Personal information
- Full name: Francis Elmer Speed
- Born: 28 February 1859 Paddington, Middlesex, England
- Died: 23 August 1928 (aged 69) Goodnestone, Kent, England
- Batting: Right-handed

Domestic team information
- 1882–1884: Marylebone Cricket Club

Career statistics
| Competition | First-class |
| Matches | 3 |
| Runs scored | 30 |
| Batting average | 6.00 |
| 100s/50s | –/– |
| Top score | 16 |
| Catches/stumpings | 1/– |
- Source: Cricinfo, 12 August 2021

= Francis Speed (English cricketer) =

English cricketer, barrister, stockbroker, and British Army officer

Francis Elmer Speed (28 February 1859 — 28 August 1928) was an English first-class cricketer, barrister, stockbroker and British Army officer.

The son of William Speed, he was born at Paddington in February 1859. He was educated at Rugby School, where he played for and captained the school cricket eleven.

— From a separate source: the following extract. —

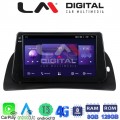 LM Digital - LM ZT8707 GPS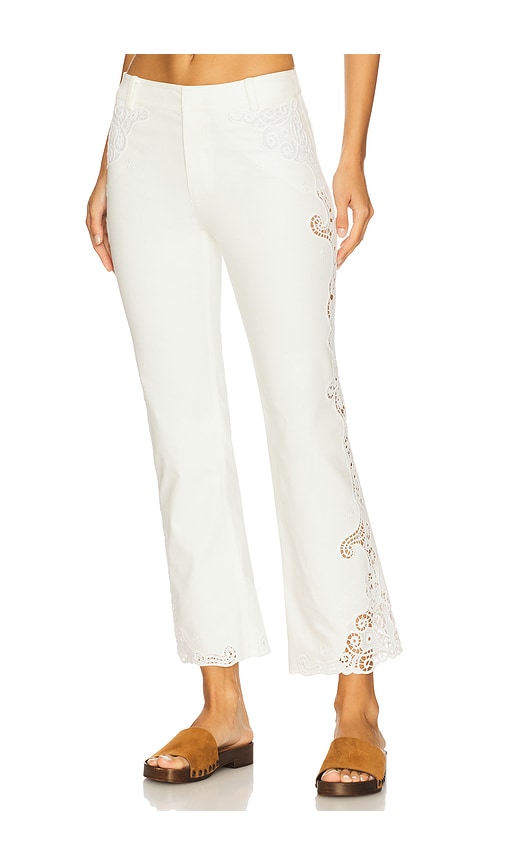 Maia Pant in White. - size 30 (also in 24, 25, 26, 27, 28, 29)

A student of the Middle Temple, he was called to the bar to practice as a barrister in 1883. Described by Wisden as "a sound batsman and in the field, though not always, [a] wicket-keeper", Speed played first-class cricket for the Marylebone Cricket Club on three occasions, making two appearances in 1882 against Kent and Nottinghamshire, and one appearance in 1884 against Nottinghamshire. He scored 30 runs across his three matches, with a highest score of 16. In addition to playing first-class cricket, Speed also made minor appearances for Herefordshire.

Speed later changed professions and became a stockbroker. He also served in the Royal East Kent Yeomanry, being commissioned as a second lieutenant in March 1900. He served in South Africa in the Second Boer War. Speed was appointed High Sheriff of Kent in March 1914, having been unsuccessful in his 1912 and 1913 nominations. He was made a temporary major in the Yeomanry in May 1914 and served in the First World War and was attached to headquarters, before being restored to the Royal East Kent in November 1916. He was made up to the full rank of major in June 1917, before relinquishing his commission on account of ill health in September 1917. A justice of the peace for Kent, Speed lived out his final years in the county at Knowlton Court near the village of Goodnestone. He died there in August 1928.